This discussion has been locked. The information referenced herein may be inaccurate due to age, software updates, or external references.
You can no longer post new replies to this discussion. If you have a similar question you can start a new discussion in this forum.

Configuring Alert

Hi all, I'm trying to configure some alerts on my servers but I'm facing some difficulty on configuring it based on the requirement my company wants. E.g.

Alerts to send email if server CPU reaches more than 70%. Alerts engineer every 4 hours, server CPU must stay more than 70% for more than 1minute.

Based those information, I set as below

Evaluation Frequency of alert - 4hrs

Select options "Condition must exist for more than" - 1mins

By right it should work correct?

However after several days I notice some problem, none of my engineer receive any alerts even though the server CPU reaches more than 70% I run checks on the historical utilization and indeed there's several times where the CPU hit 80%-90% for more than 10mins but no alerts were triggered. Anyone knows why is that so? I'm suspect this is due to the option "Evaluation Frequency of alert - 4hrs" cause SW could be scanning for this alerts every 4 hours, so the issue occur and ended less than 4 hours then SW will not capture it.

Is this true? If yes then any other way I could configure the alert based on my requirements provided SW must be actively scanning the servers for all this alerts.

  • I don't specifically know the answer you need and I'm not the best at understanding the logic behind building alerts, but I suspect your"Evaluation Frequency if Alerts set to 4hrs" is the issue.
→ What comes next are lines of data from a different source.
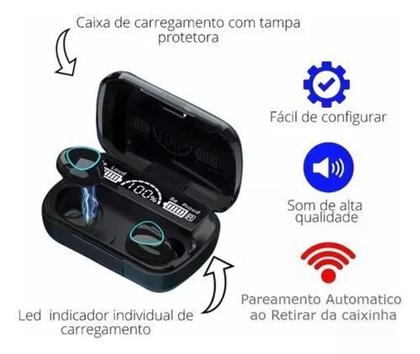 Imagem de Fone sem fio Bluetooth Lacrado Preto Compativel com Galaxy M10s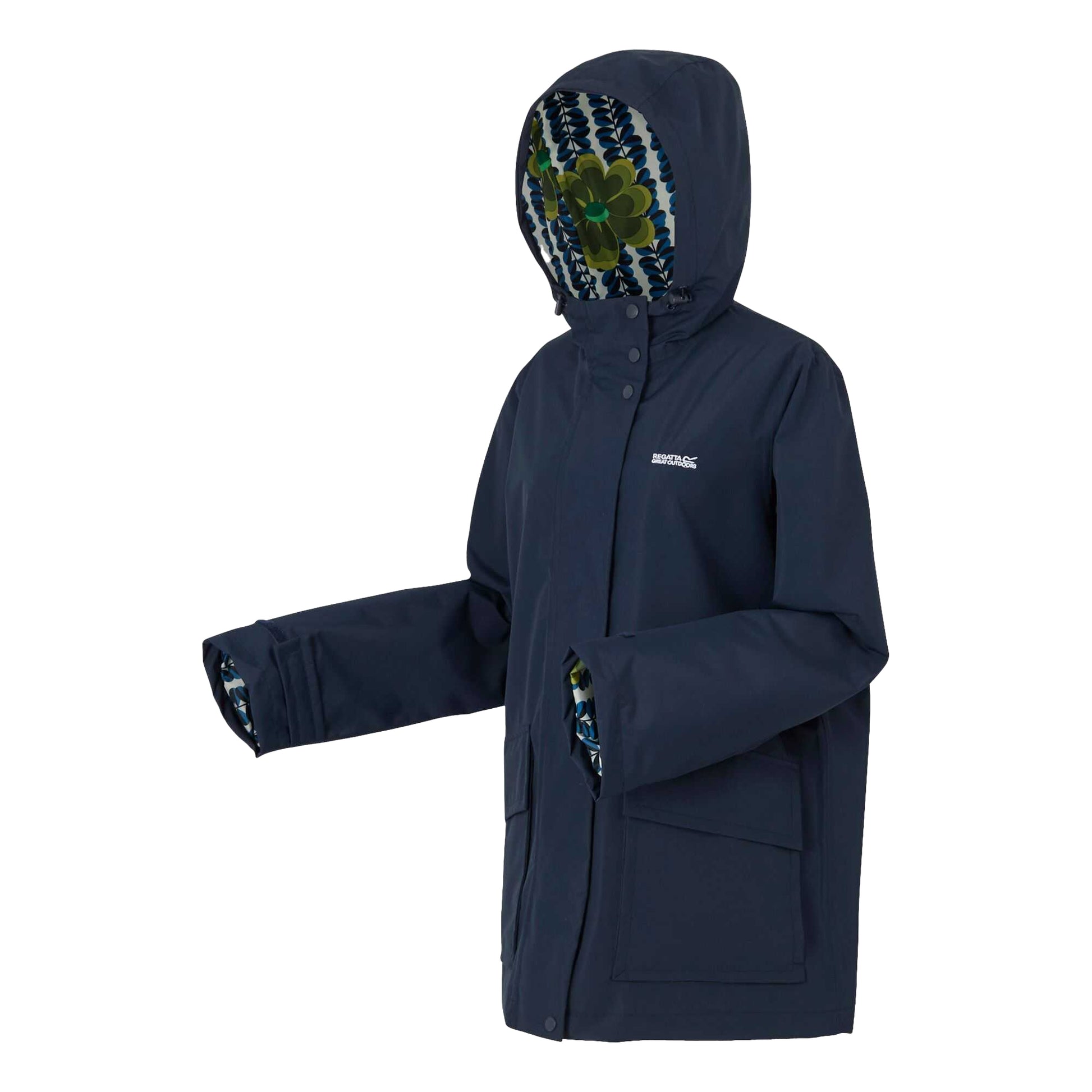 Navy - Side - Regatta Womens-Ladies Orla Kiely Lotus Waterproof Jacket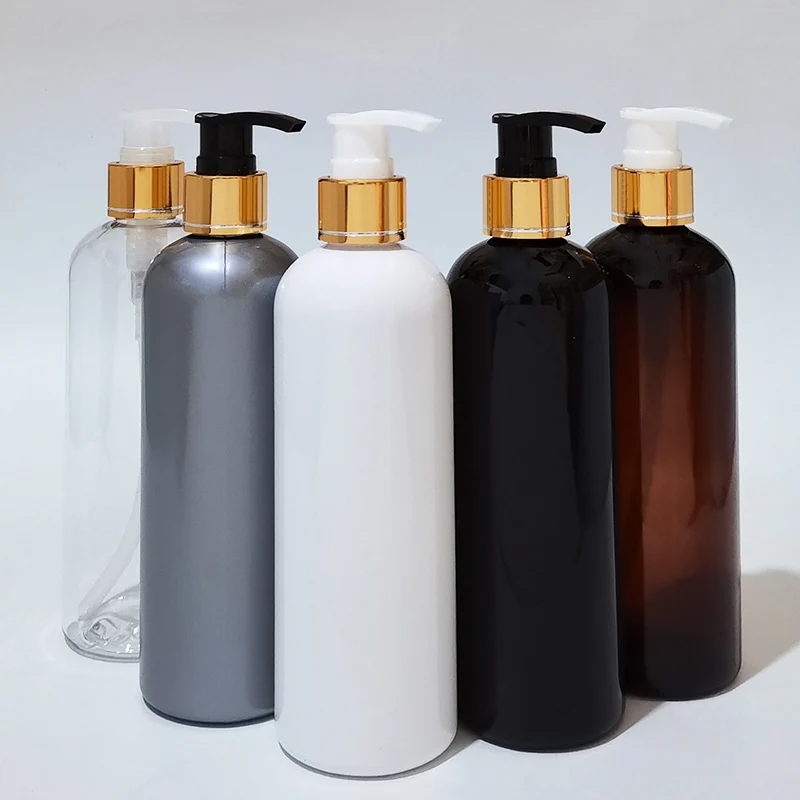 

300ML With Gold/Silver Pump Cosmetic Containers Refillable Shampoo Bottle 10oz Empty White/Brown Liquid Soap Lotion Pump bottle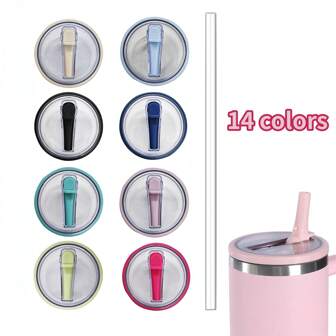 1 包 40 盎司玻璃杯翻盖吸管盖替换防漏防溅玻璃杯盖，可重复使用的玻璃杯盖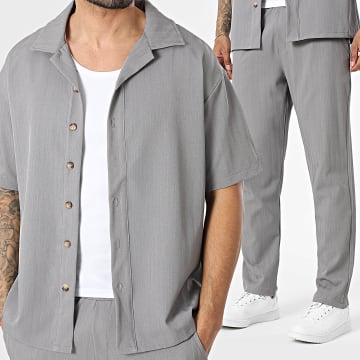 Uniplay - Conjunto Camisa de Manga Corta y Pantalón Elegante 226 227 Gris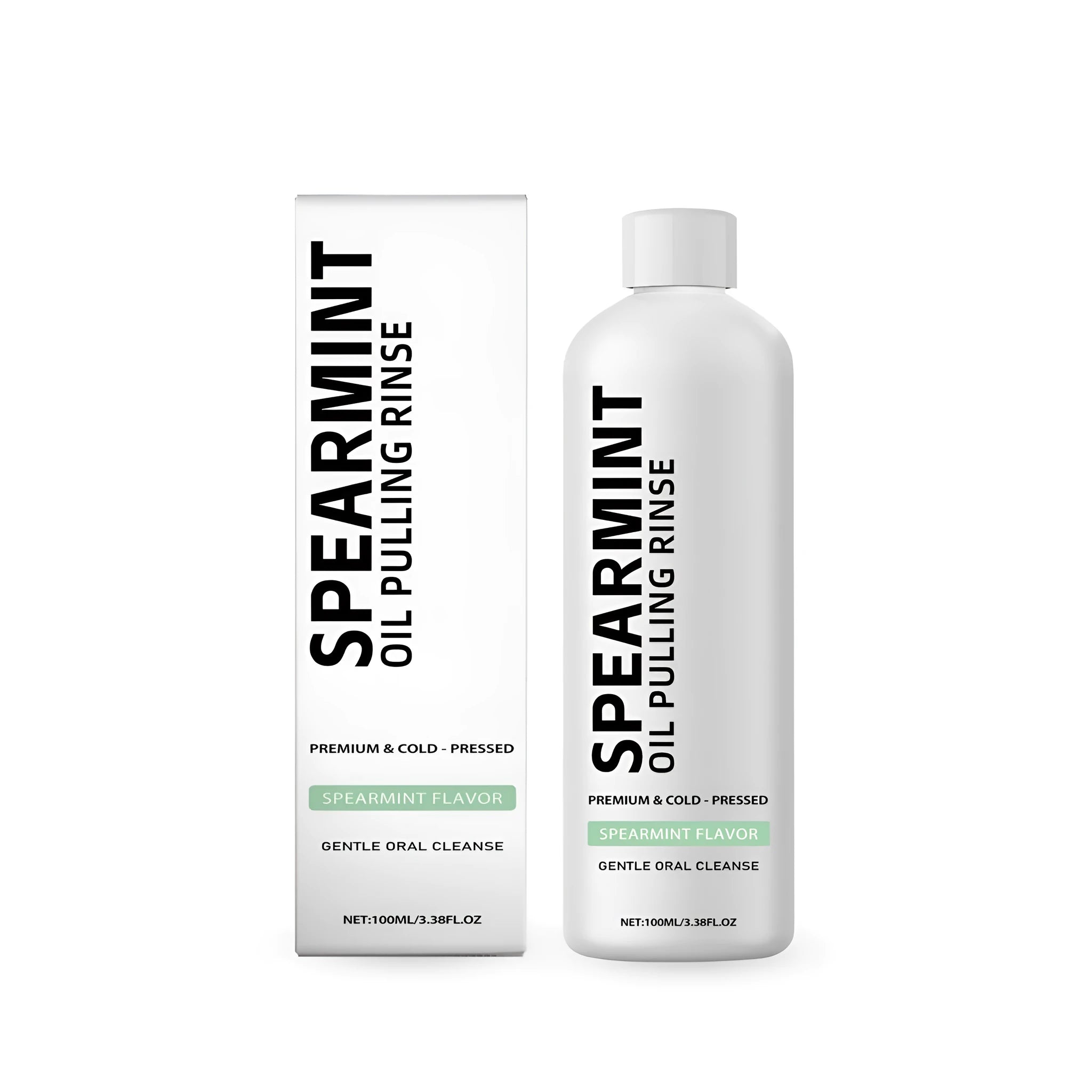 100ml bottle of spearmint oil pulling rinse mouthwash with clove and peppermint oil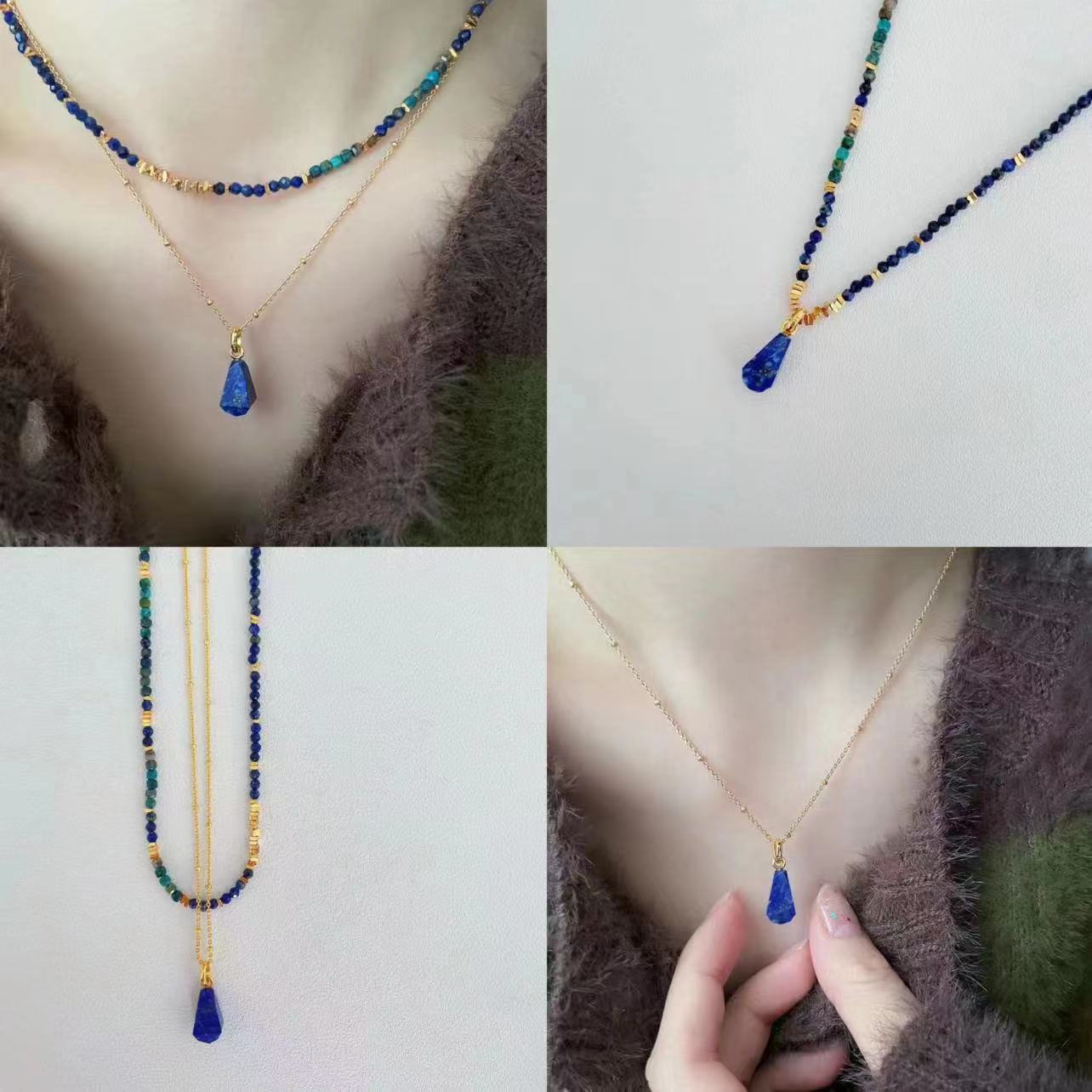 Wholesale color beaded   stacked water drop pendant necklace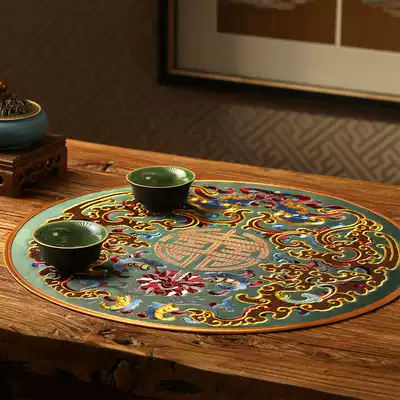 New Chinese embroidery dining table cloth mat Chinese style household vase mat Cigarette ashtray mat Non-slip coffee table coaster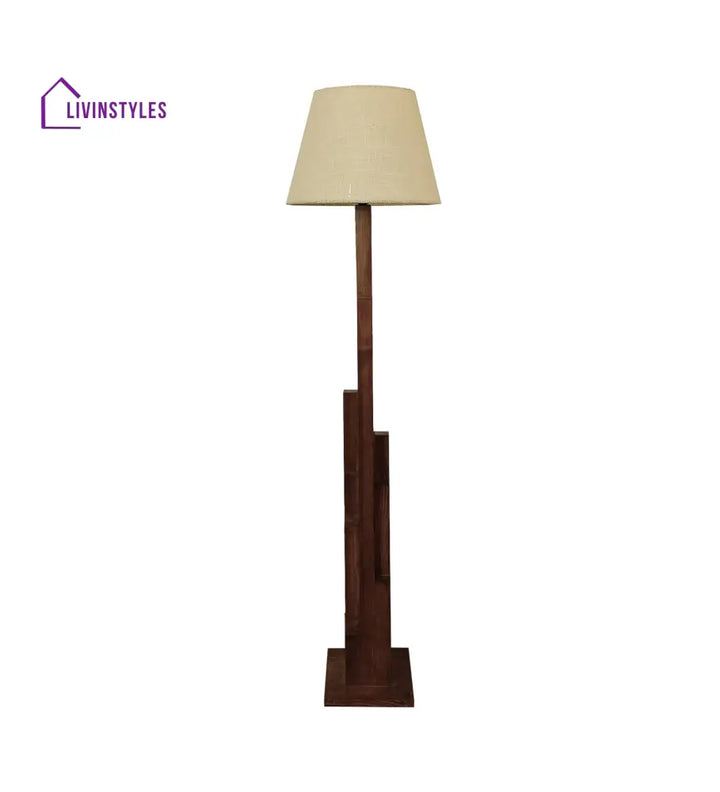 Skyline Wooden Floor Lamp With Brown Base And Beige Fabric Lampshade Lamps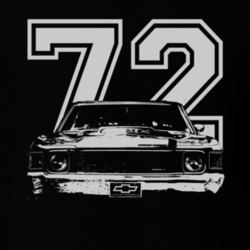 1972 Chevelle Grill White Graphic Year Dark T Shirt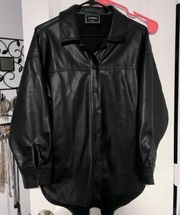 Faux Leather Shacket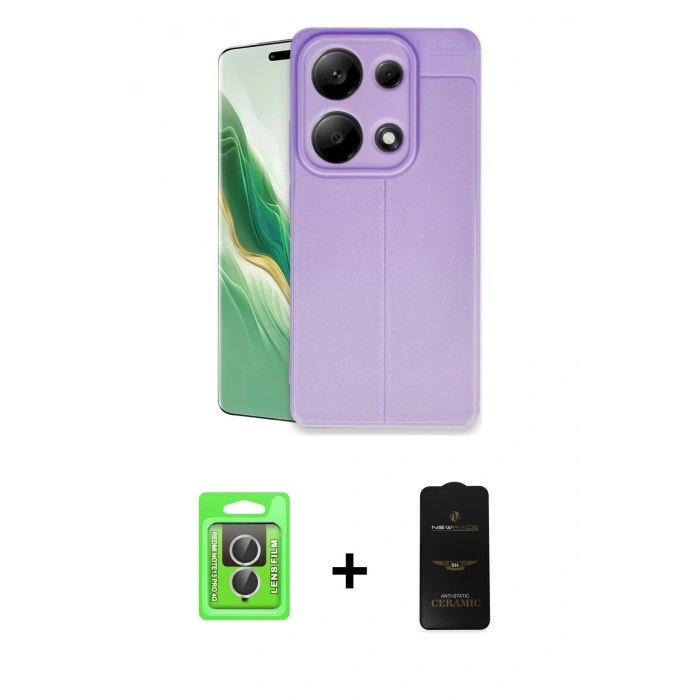MARSİLYAN™- Redmi Note 13 Pro 4G Kılıf Doruk Klasik Özel Seri - Siyah 6D Antistatik Mat Seramik Hayalet Nano Ekran Koruyucu + Gümüş Raze Metal Kamera Lens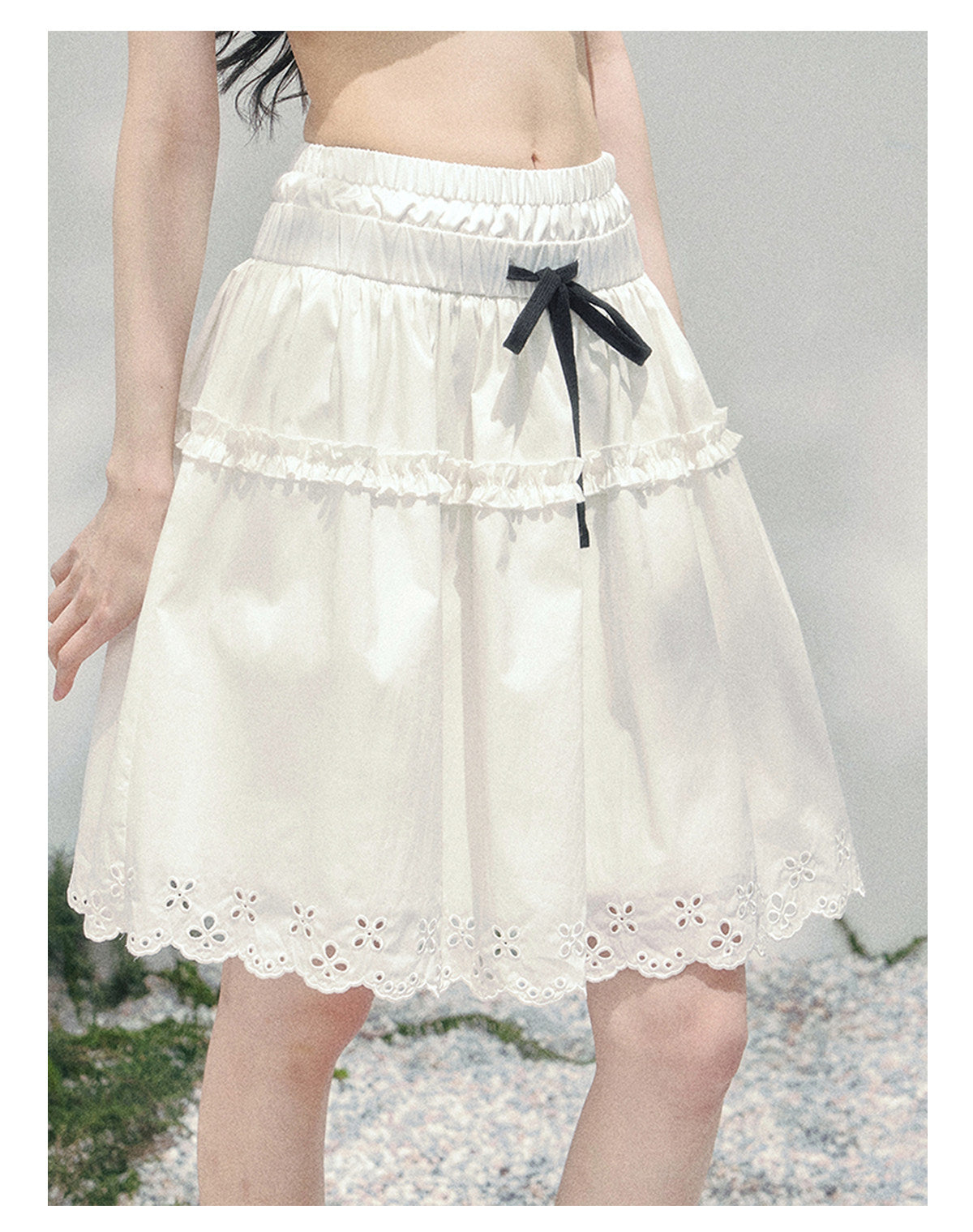 ShaoYeYan Aomalm Spring Field Skirt French White Midi Skirt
    As it stands, what I understand your alert is saying is:

    "check every 4hrs" and if it alert trigger condition (whatever you've configured) is matched then trigger.

    Which is not what you want. I suspect what you need to do is investigate the trigger "reset condition" and have it reset after x hours, where x = 4 -we have never used this section so I don't know if this is what you need. But for me the logoc works like this:

    • Evaluate every minute
    • If condition(s) are met then trigger alert
    • The alert is reset after 4hrs
    • At which point, if condition still exists then when it is next evaluated (1m) it will re-trigger

    Others may know a better way.

  • Hi ,

    like  mentioned the issue is the evaluation time of the Alert. This setting defines, how often the alert trigger conditions are checked against the solarwinds database.

    So if you set it to 10 minutes, solarwinds will check every 10 minutes if the alert trigger conditions are met.

    However, if you set the option "condition must exist for x" keep in mind its only checked against the solarwinds database.

    So by default solarwinds polls CPU every 10 minutes, so the value in the database wont change for 10 minutes, so it makes the "condition must exist for 1 minute" quite obsolete.

    So you could lower the pollinginterval for CPU/memory but i wouldnt recommend that, because it will put a much higher load on your solarwinds-installation!!!

    Or you need to adjust requirements. If we stick to the 10 minutes polling interval, i would recommend to set the "condition must exist for x"

    to 22 minutes. So you get atleast 2 polling intervals and if the cpu is still above your trigger condition of >70% it will trigger the alert.

    I would set up your alert like this:

    Evaluation Frequency of Alert - 1 minutes

    trigger conditions how you need them (CPU >70%)

    "condition must exist for x" - 22 minutes

    And to keep your engineers informed every 4 hours as long as the alert is active, on the trigger action tab where you configure your alert actions like sending an email, please look at the "execution options".

    Here you can set the action to be executed every 4 hours.

    Best Regards

    Rene

  • >> Here you can set the action to be executed every 4 hours.

    Ah yes, I'd forgotten that you can do escalations further into the alert, and it's probably the best place to do so.

  • Thanks all! 

    Here's the changes I've made, evaluate the alert change to 5 mins, trigger condition must be in the condition for 1 mins.

    For email alerts, i made changes to the execution settings as below. This should ensure my email will be send every 4 hrs as long the condition is true right?

    Jason_TF_0-1600672284044.png

    If the engineers didn't acknowledge this alert, but the condition is no longer true. Will this action still sends email since the engineer didn't acknowledge it?

  • Hi  & ,

    Currently my alert is able to trigger, however it's causing quite a havoc as alot of the alerts that were triggered is false positive. Meaning, by the time my users login into Solarwind the node is no longer showing the issue.

    I wanted to try and set the continue must exist to 22mins but I have a concern here. Usually on a production system we can't afford to wait for 22mins before receiving the alerts, yes it will get rid of false positive alerts however if it's a legit issue, having the node sustain the issue for 22mins seems before alerting doesn't seems correct.

    Any idea how I can improve it?

  • What are your settings on the trigger condition screen?

    Typically we set the following to 2m. As in, the node, interface, etc must be down for 2m before it triggers

    stuartd_0-1603098807323.png

    For WAPs we don't really care about we set that figure to 60m down before alerting. It seems to me that this is where you need to do your 22m setting.